Voestalpine AG stock analysis is part of my full, stock by stock analysis of the Austrian Stock Market that offers interesting investing opportunities. Check my Austrian Stocks List for more Austrian stocks.
Voestalpine produces products and system solutions based on high-quality steel and other metals in technology-intensive industries.
40 EUR seems to be the magic line for Voestalpine’s stock. Since the financial crisis in 2008/2009, the stock only surpassed this number in 2017/2018 for a short period but VOE stock was in a downturn even before COVID hit 2020. Since then, the stock is on a steady climb back up.

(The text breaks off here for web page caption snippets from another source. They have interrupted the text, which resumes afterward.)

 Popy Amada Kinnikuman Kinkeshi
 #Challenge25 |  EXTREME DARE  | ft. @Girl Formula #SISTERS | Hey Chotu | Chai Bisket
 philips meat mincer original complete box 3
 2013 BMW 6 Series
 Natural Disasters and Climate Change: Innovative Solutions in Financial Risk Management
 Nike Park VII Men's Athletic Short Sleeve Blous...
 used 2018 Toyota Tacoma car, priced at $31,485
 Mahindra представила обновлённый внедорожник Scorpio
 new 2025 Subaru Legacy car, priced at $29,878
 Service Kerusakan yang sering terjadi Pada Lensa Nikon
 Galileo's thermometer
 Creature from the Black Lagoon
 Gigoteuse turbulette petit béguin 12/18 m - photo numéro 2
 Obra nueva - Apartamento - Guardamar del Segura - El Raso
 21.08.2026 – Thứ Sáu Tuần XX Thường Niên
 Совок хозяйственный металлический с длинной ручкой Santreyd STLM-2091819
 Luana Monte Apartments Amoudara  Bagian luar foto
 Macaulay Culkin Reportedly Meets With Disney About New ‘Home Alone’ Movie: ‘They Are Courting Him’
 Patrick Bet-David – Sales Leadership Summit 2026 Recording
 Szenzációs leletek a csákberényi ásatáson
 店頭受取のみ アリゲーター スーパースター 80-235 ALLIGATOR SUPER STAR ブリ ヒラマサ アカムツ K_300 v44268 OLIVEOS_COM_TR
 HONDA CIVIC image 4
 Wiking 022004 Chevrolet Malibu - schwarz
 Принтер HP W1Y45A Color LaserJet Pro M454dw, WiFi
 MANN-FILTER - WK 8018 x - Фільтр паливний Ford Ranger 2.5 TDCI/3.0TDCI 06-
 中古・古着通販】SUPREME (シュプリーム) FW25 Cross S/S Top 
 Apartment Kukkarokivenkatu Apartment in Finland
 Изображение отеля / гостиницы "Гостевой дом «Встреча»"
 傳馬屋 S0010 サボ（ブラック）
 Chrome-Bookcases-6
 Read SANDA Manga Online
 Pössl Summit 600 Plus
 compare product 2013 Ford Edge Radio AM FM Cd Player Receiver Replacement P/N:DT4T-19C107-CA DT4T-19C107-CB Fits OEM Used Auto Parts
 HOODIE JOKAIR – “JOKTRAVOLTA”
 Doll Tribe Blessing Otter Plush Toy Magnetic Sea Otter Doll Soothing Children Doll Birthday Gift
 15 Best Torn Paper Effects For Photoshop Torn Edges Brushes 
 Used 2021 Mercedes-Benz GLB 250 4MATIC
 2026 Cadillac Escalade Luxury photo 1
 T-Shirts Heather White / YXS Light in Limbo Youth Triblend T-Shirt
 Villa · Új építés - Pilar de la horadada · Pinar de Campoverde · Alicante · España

How much more room has this fundamental backed return? The business is a typical cyclical one as Voestalpine operates in the steel sector. Therefore, the stock should be categorized as a cyclical according to the Peter Lynch stock categories. Hence, the focus for investing in Voestalpine is looking for an upturn based on sound fundamentals. For that reason, we look at the business model, the fundamentals, and give an investing outlook.
Voestalpine has four business segments; all of them are operating in the steel industry.
In all of its business segments, Voestalpine has a strong market position. Voestalpine’s revenue is split nearly evenly between the four business segments. The steel division supplies European automobile manufacturers and automotive suppliers. Additionally, the company distributes the European consumer goods, white goods industries, and the mechanical engineering sector. Products are used, for example, under extreme conditions in the oil and gas industries (deep-sea pipelines).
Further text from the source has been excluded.